Daiwa House Logistics Trust made a tepid debut on SGX, ending Friday flat at its S$0.80 initial public offering (IPO) price, which was also its day’s low, and off the day’s high of S$0.808.
The units, however, outperformed a 1.72 percent drop in the benchmark Straits Times Index.
The lukewarm first-day performance belied the strong demand for the trust’s units during the offering, with the Singapore public offer 9.5 times oversubscribed and the placement tranche 4.9 times oversubscribed.
Around 28.88 million units changed hands in the half-day after trade began at 2:00 p.m. SGT, according to Bloomberg data, marking less than around 5 percent of the total number of units.
That compared with 25 million units offered to the Singapore public and 219.44 million offered in an international placement, as well as 336.06 million to cornerstone investors and 94.5 million to the trust’s sponsor Daiwa House Industry, which is one of Japan’s largest construction and real estate development companies.
DBS, acting as a stabilisation agent, acquired 980,600 units in the market at S$0.80, the bank said in a filing to SGX Friday.
While the trust’s cornerstone investors, with the exception of DBS Bank, are not bound by lock-up agreements, most of Daiwa House Logistics Trust’s cornerstone investors are long-only investors, Chu, who publishes on Smartkarma, said in a note Thursday.

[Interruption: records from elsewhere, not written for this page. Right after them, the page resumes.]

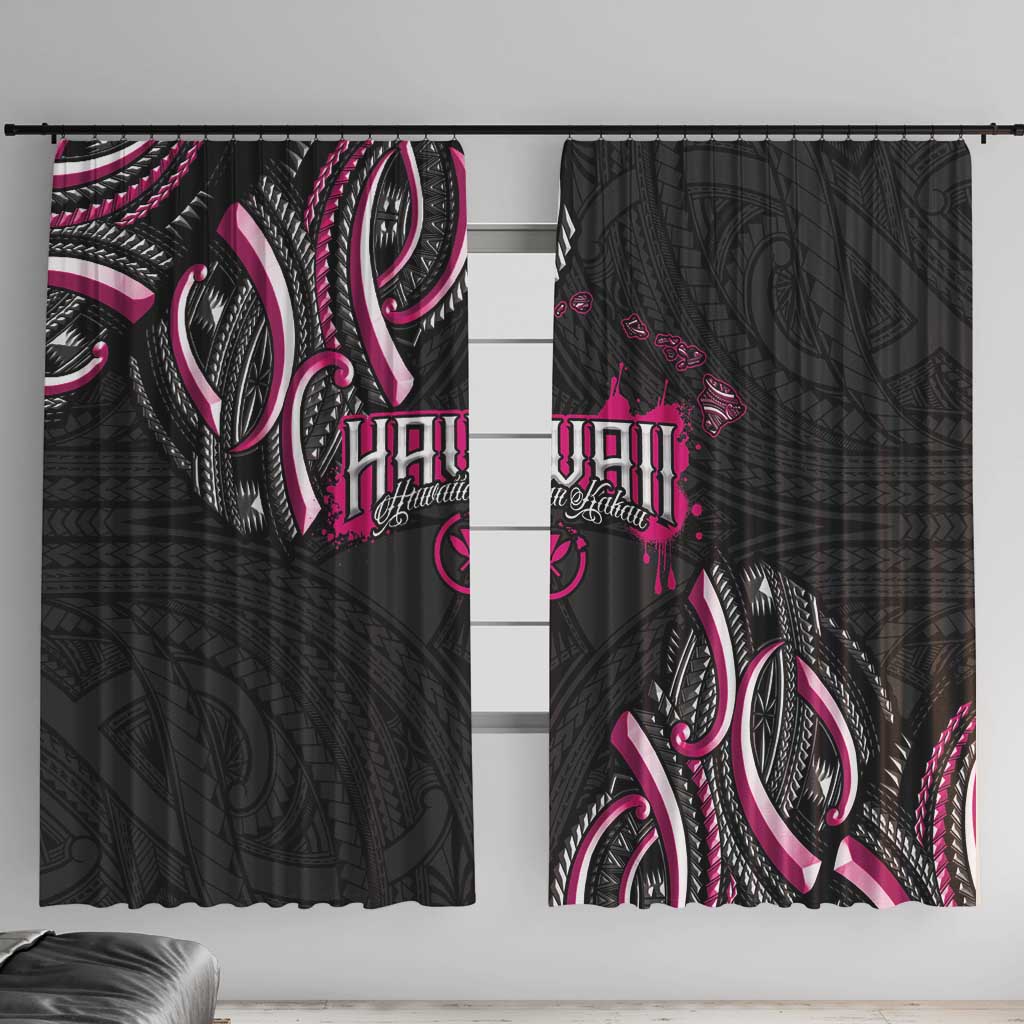 Traditional Art Hawaiian Kakau Tattoos Window Curtain Pink Color LT03 With Hooks Pink - Polynesian Pride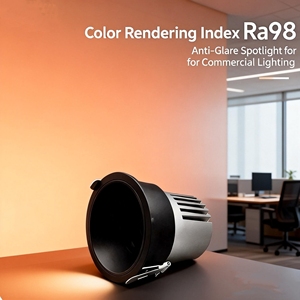Projecteur LED encastré anti-éblouissement à <span class=keywords><strong>spectre</strong></span> complet IP44 noir, pour salon, plafond, CRI élevé, en aluminium, COB, pour éclairage mural - Product Image 1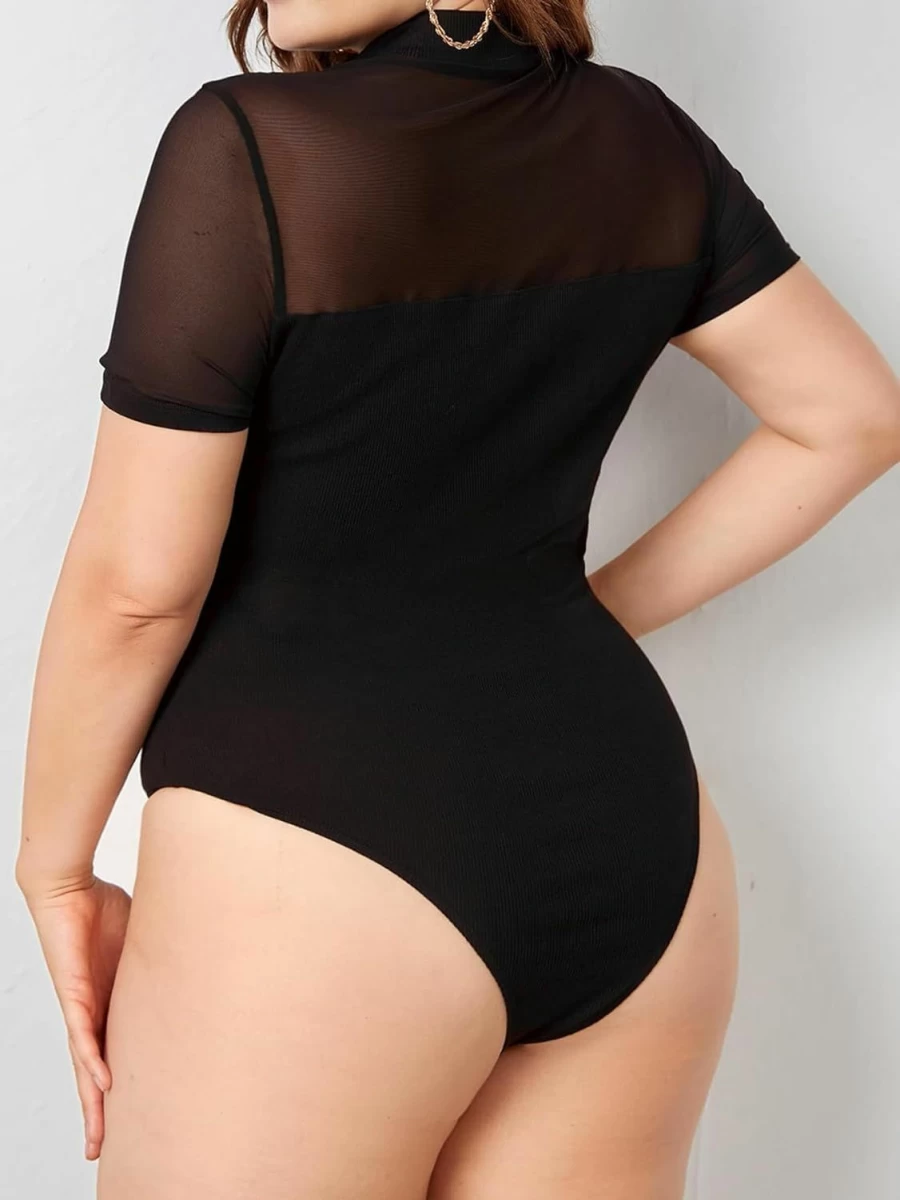 MakeMeChic Women's Plus Size Mock Neck Sheer Mesh Short Sleeve Bodysuit Top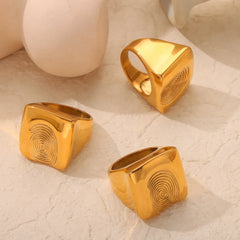 Titanium Steel Fingerprint Signet Ring OutfitFlow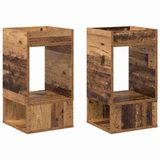 vidaXL Bijzettafel 2 stuks Oud hout 30 x 30 x 56 cm Bewerkt hout
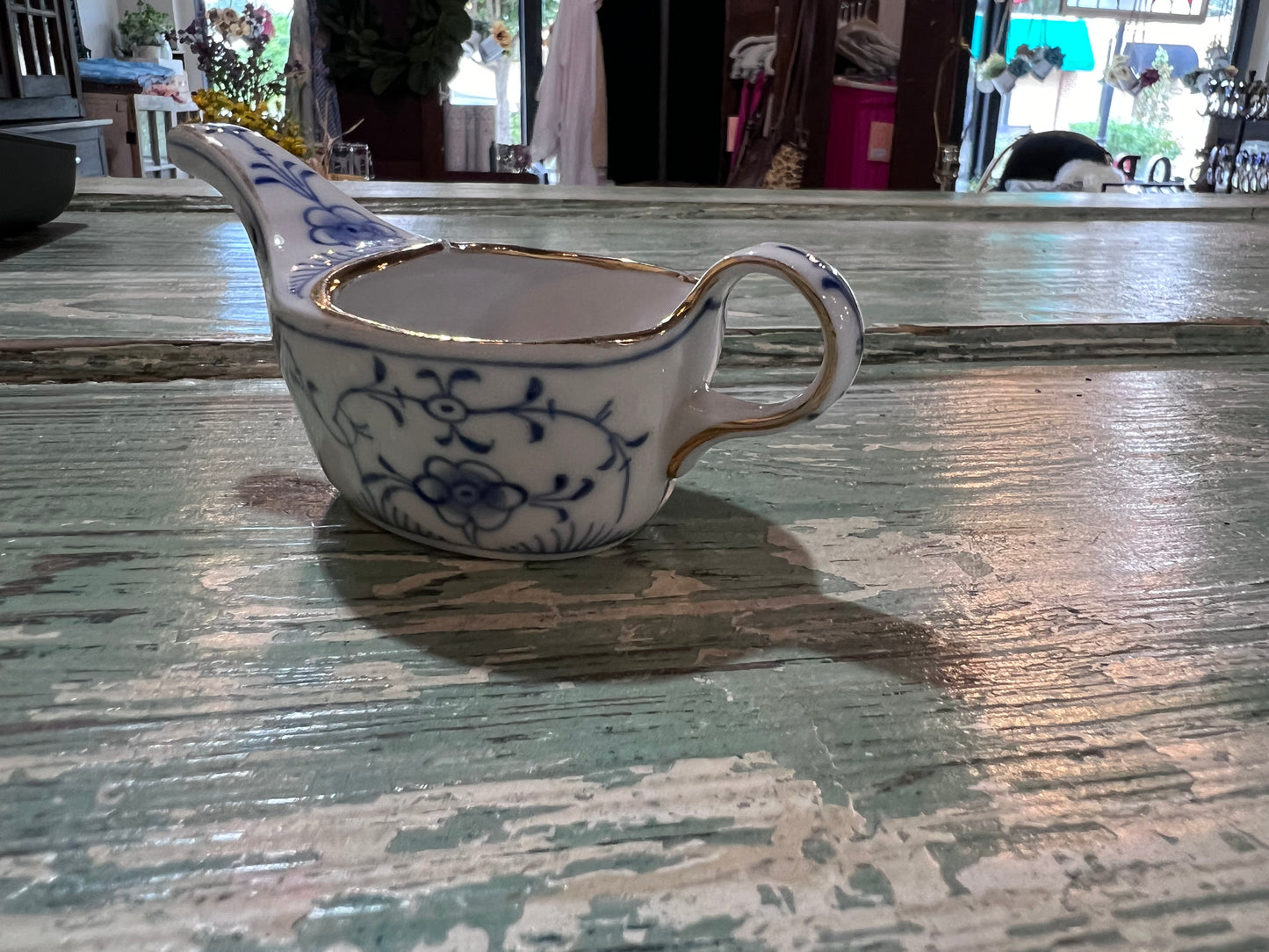 Antique Baby Invalid Feeder Cup Gold Rimmed Blue Florals Porcelain Made in Germany WT&O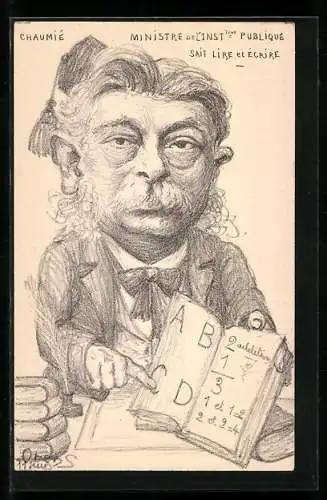 Künstler-AK Charles Denizard (Orens): Chaumie Ministre de l`instiion publique sait lire et ecrire
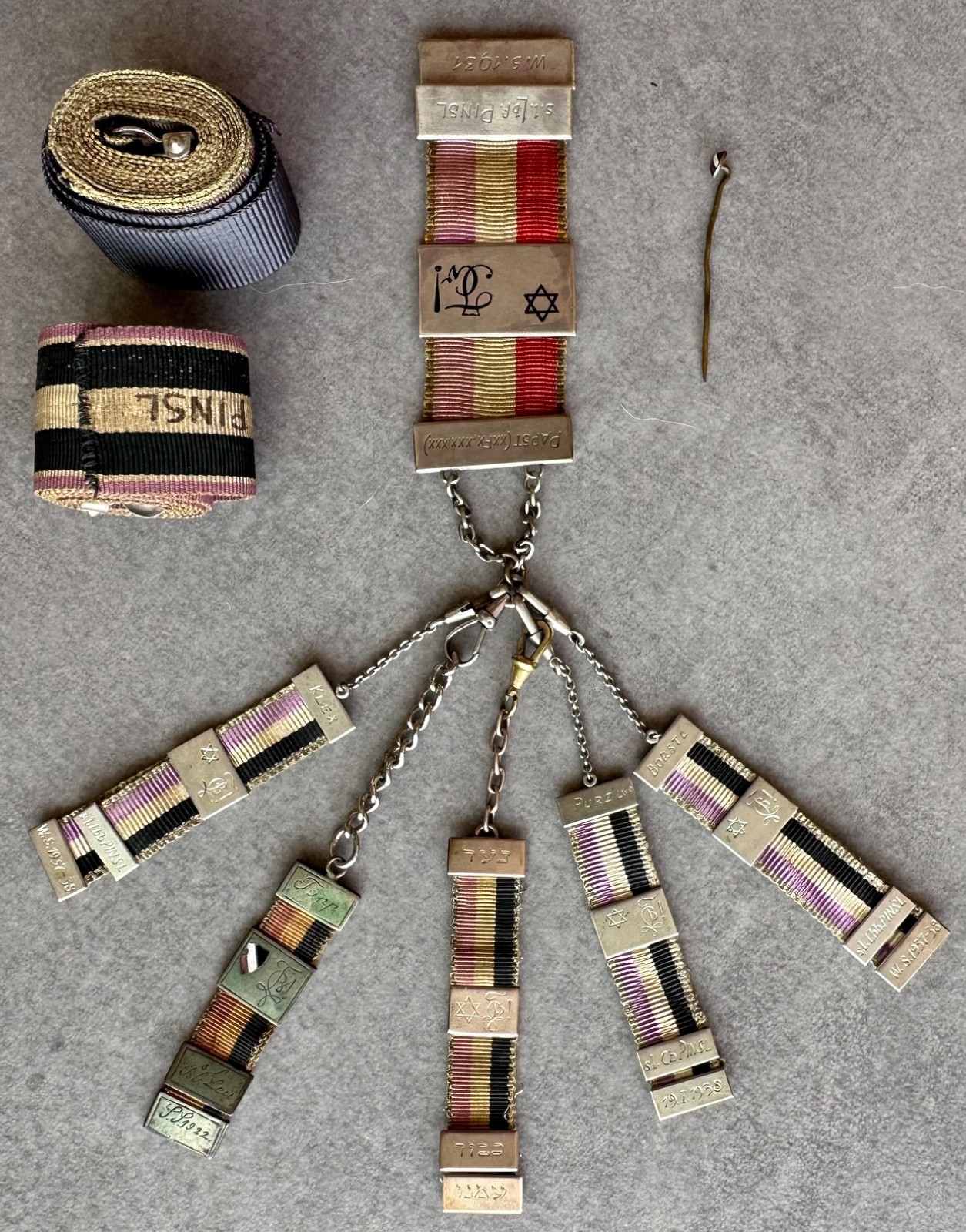 Rare 1930s Austria Jewish Zionist Fraternity Medals Ribbons Libanonia Pin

“We are not expecting a selldown in the near term at least,” Chu said.
The initial portfolio will have 14 logistics properties in Japan, with an appraised value of around 80.57 billion yen, or around S$952.9 million, the prospectus said. DHLT will pay a total purchase consideration for the IPO portfolio of 71.07 billion yen, or around S$840.5 million, according to the prospectus.